Roundtable looks at simplified environmental control systems in historic house museums
June 8, 2011
Historic New England staff recently participated in a roundtable to share our findings and foster a dialogue with peer organizations about improving Relative Humidity (RH) control in historic house museums in the region.
Historic New England has been striving for a more comprehensive understanding of the environmental control systems in our historic properties since 1997. The Institute of Museum and Library Services awarded us a two-year grant to support this work through 2011.
This phase took a forward-thinking approach to 1.) implementing an improved environmental monitoring system for our historic house museums and 2.) upgrading the environmental control systems in four of our properties.
In addition to Historic New England’s current four-step approach to environmental systems, roundtable attendees, through discussion, developed some basic guidelines:
- Design systems that are understood by those responsible for the day-to-day site management.
- Keep it simple, especially the controls.
- Use local contractors who understand the proposed systems.
- Require as-builts (documentation of how something was built as opposed to how it was designed) from all contractors: equipment as-builts and control as-builts, and create a system manual.

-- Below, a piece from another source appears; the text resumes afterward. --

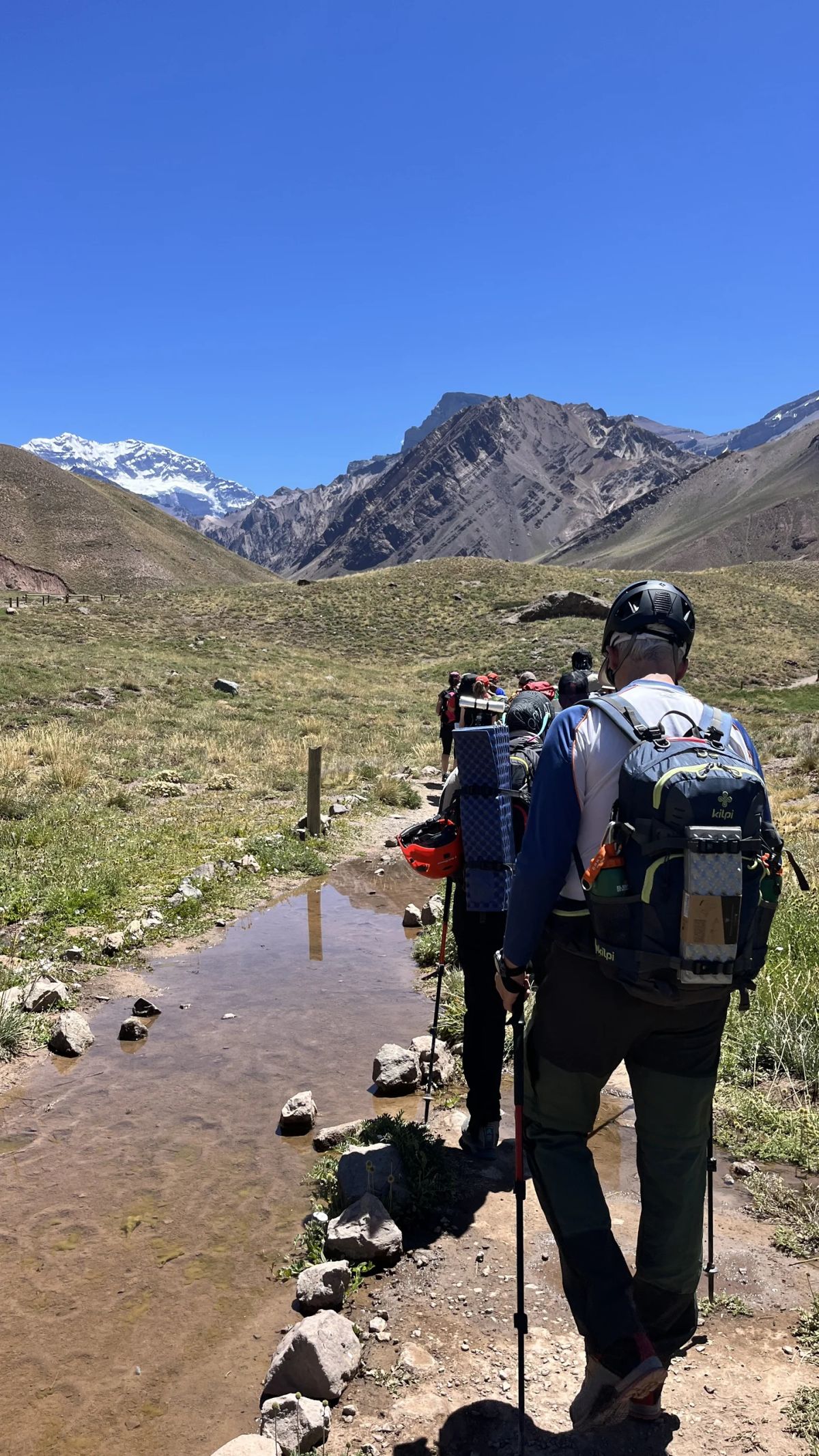 Trekker cruzando un arroyo de deshielo al comienzo del valle de Horcones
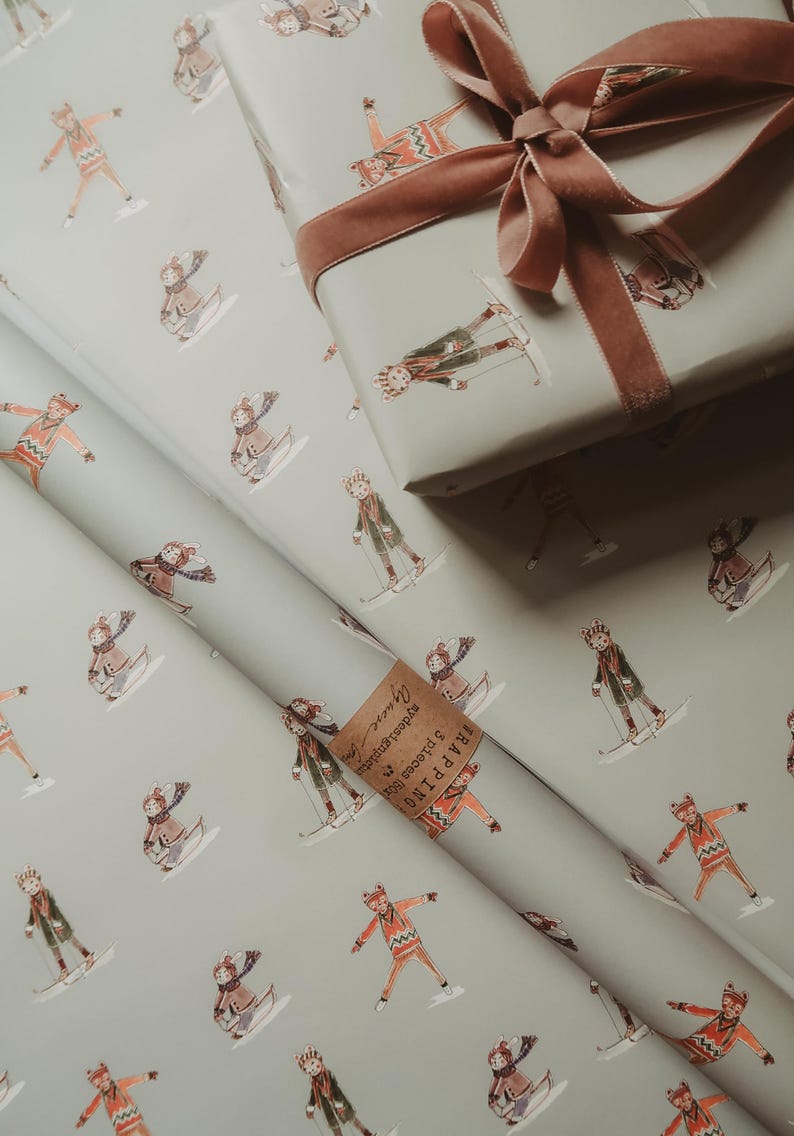 May include: Gift wrap featuring a repeating pattern of skiers in winter attire on a light gray background. A wrapped gift box with a brown velvet ribbon sits atop the wrapping paper. A small tag is visible.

- Review and update system documents at least annually.
- Do not install any systems unless there is staff expertise available to monitor and troubleshoot the systems after the project is completed, and funds are available to maintain and update software as required. Staff turnover can be very costly unless the new staff member is well versed in the systems.
- Continue reliable temperature and RH monitoring after the systems are installed.
- Design systems to fail to a safe mode (i.e., heat turn off instead of overheat).
- Include minimum and maximum set safety points for T (temperature) and RH with fail-safe mechanical cut-offs.